Not only is this a disaster for rural Australia but essentially it is a land grab. It will lead to very substantial accumulations of land and related assets by energy companies or companies supplying carbon uptake products through carbon sink forests—and managed investment scheme companies will just rebadge themselves, grow a new arm or expand their operations to actually do that. What is more, if you are somebody who needs to minimise your tax, you can employ one of these companies to package up the land, the water rights and all the other associated costs and deduct them in the first year for you. So you have a massive potential, as I said, for incredible rorting of the tax system. In my view, this is not something that either the Howard government or the Rudd government intended, but it is the outcome of this very poorly drafted legislation.

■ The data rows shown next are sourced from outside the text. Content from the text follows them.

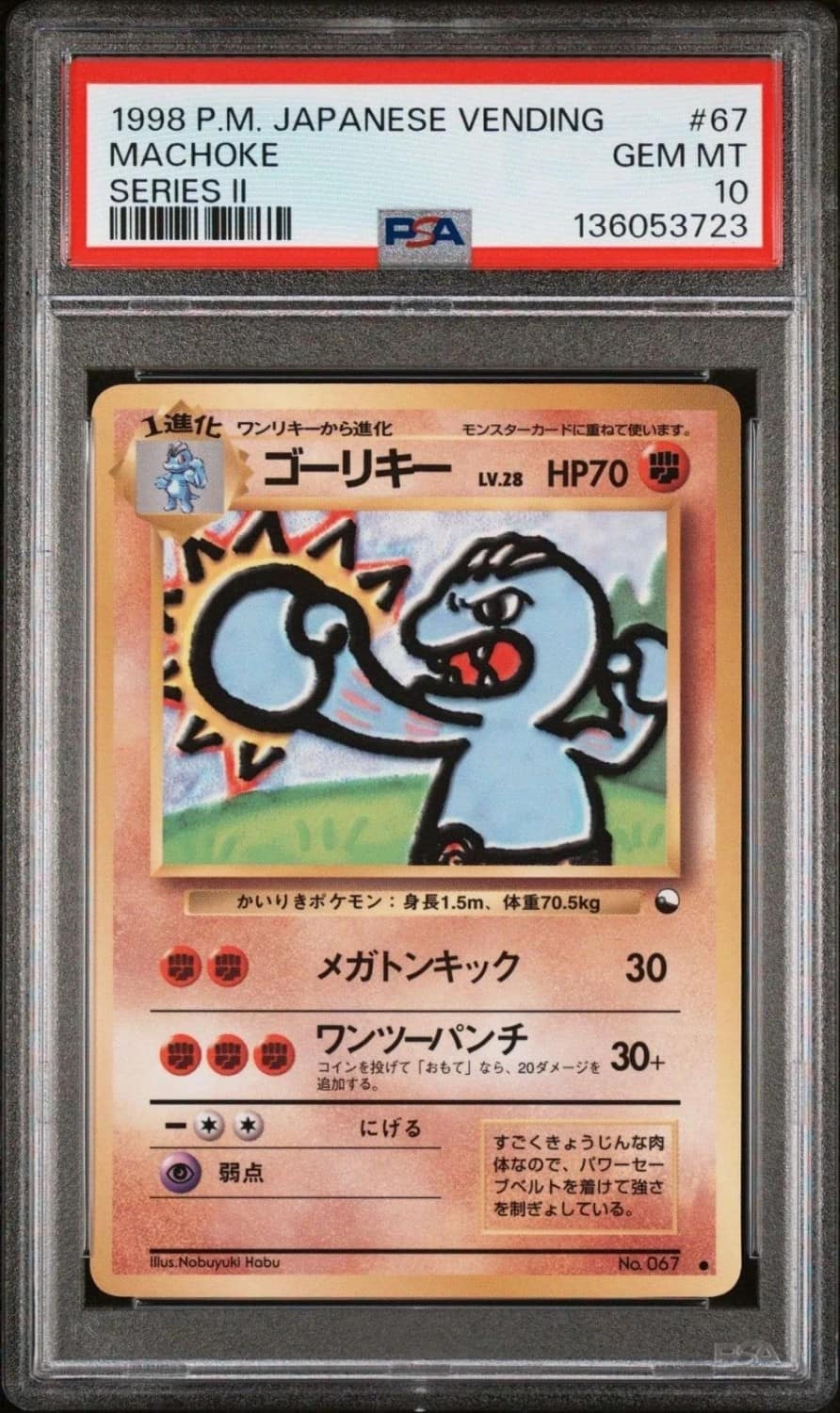 Machoke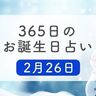 2月26日生まれはこんな人　365日のお誕生日占い【鏡リュウジ監修】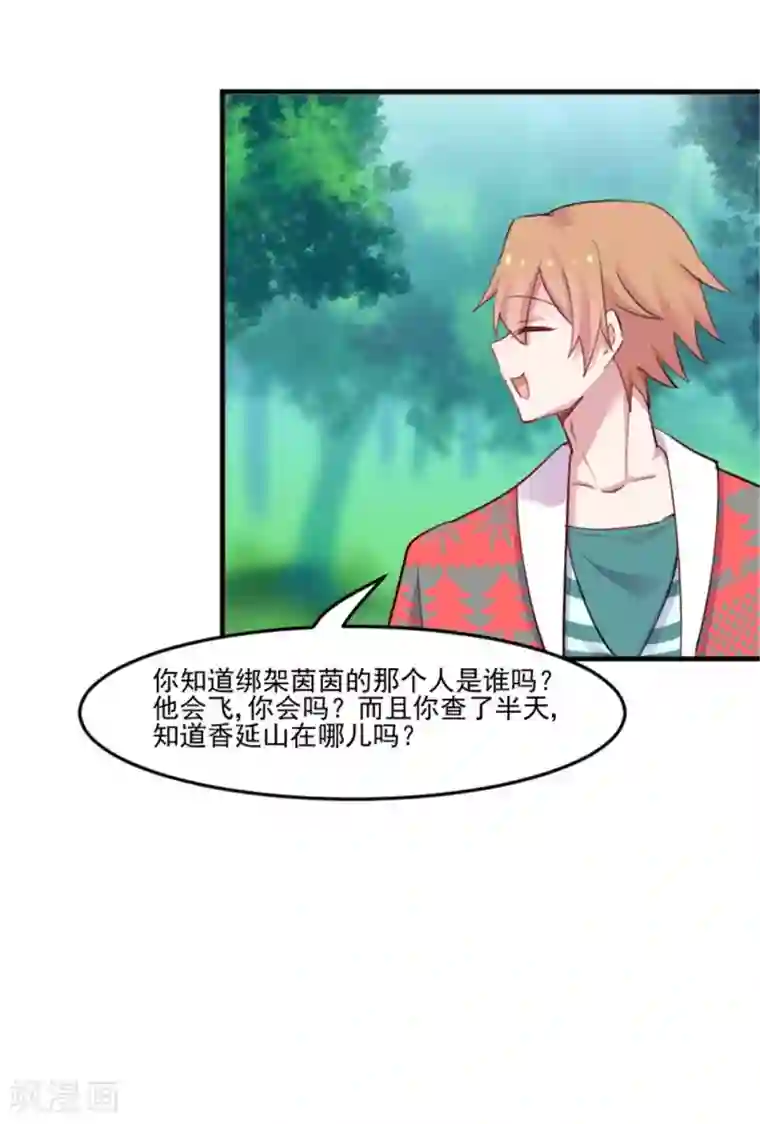 救命！我的男票是妖怪第86话 祭品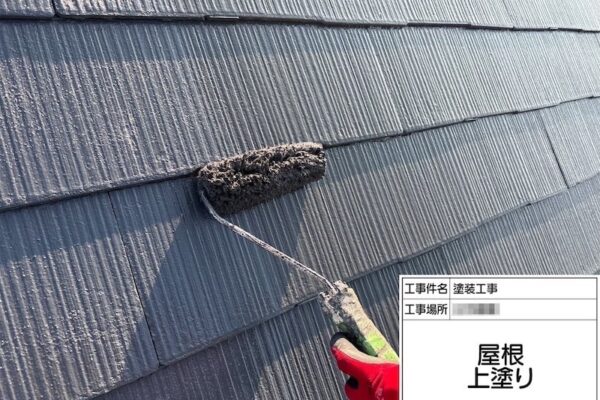 屋根塗装 下塗り・中塗り・上塗りについて解説します！｜神奈川県横浜市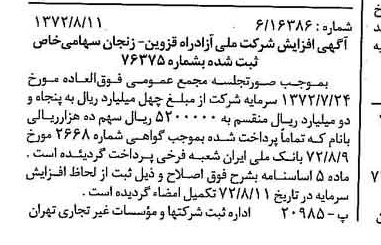 خبر روزنامه رسمی شماره 14177 چاپ شده در تاريخ 1372/08 درباره شرکت ملی ازادراه قزوین زنجان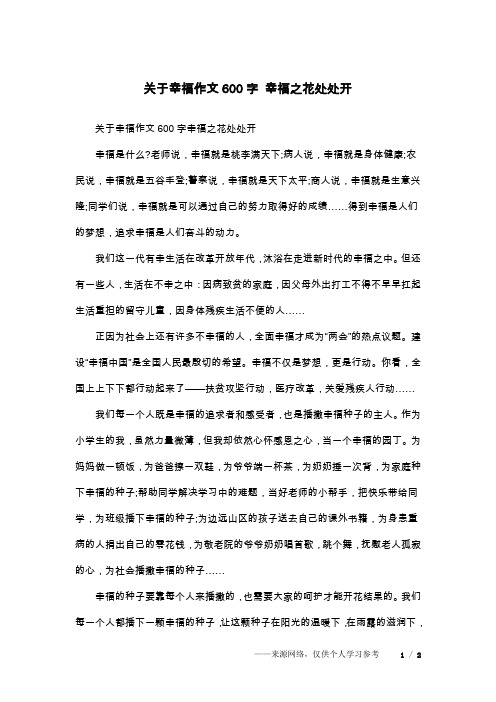关于幸福作文600字 幸福之花处处开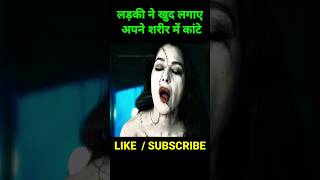 ladki ne Sharir Ko Kiya staplershort southmovie ytshort shortshollywoodmoviecartoons [upl. by Nahtahoj]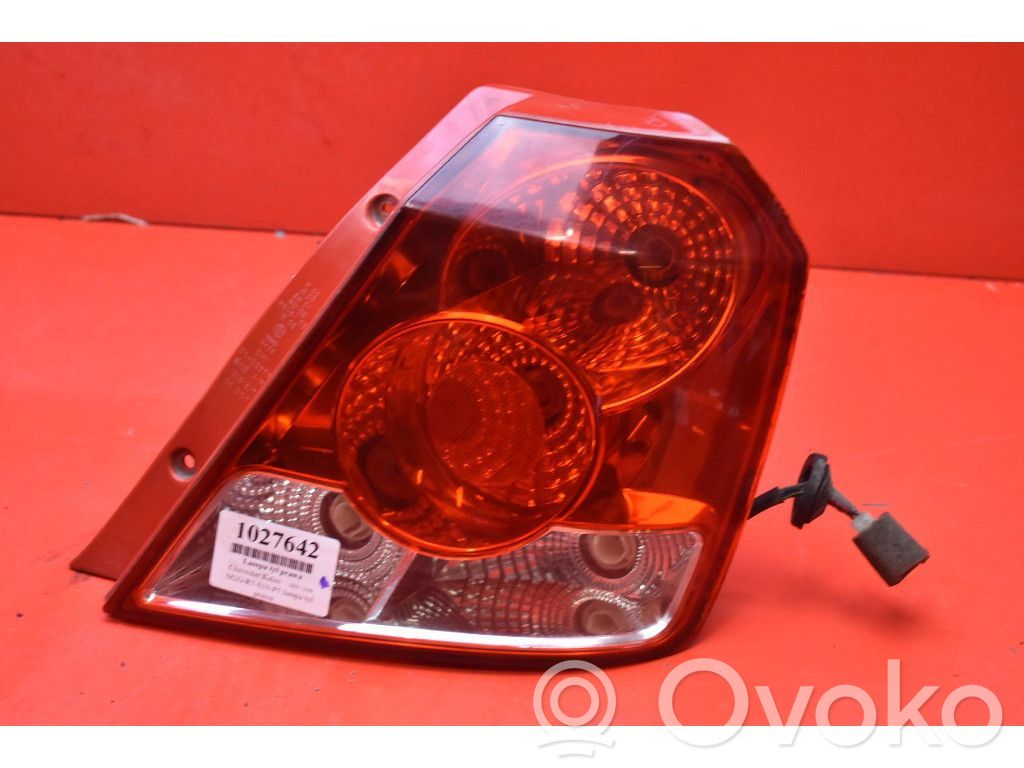 Takavalot   300267R,300267R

When I made these points before—and colleagues in this parliament from other parties have also made these points—the government stood up and said, ‘No, the cost of land is not tax deductible.’ But it is tax deductible. So, in the end, I went and saw one of Australia’s leading tax barristers about this. He said that it is absolutely clear that the land is tax deductible. He is in the media today responding to this as well, saying that it does not matter what the explanatory memorandum says. He says the High Court have had many such cases. Where there is a difference between the actual legislation and the explanatory memorandum, they will always take the law as it stands ahead of that. So let us get rid of that.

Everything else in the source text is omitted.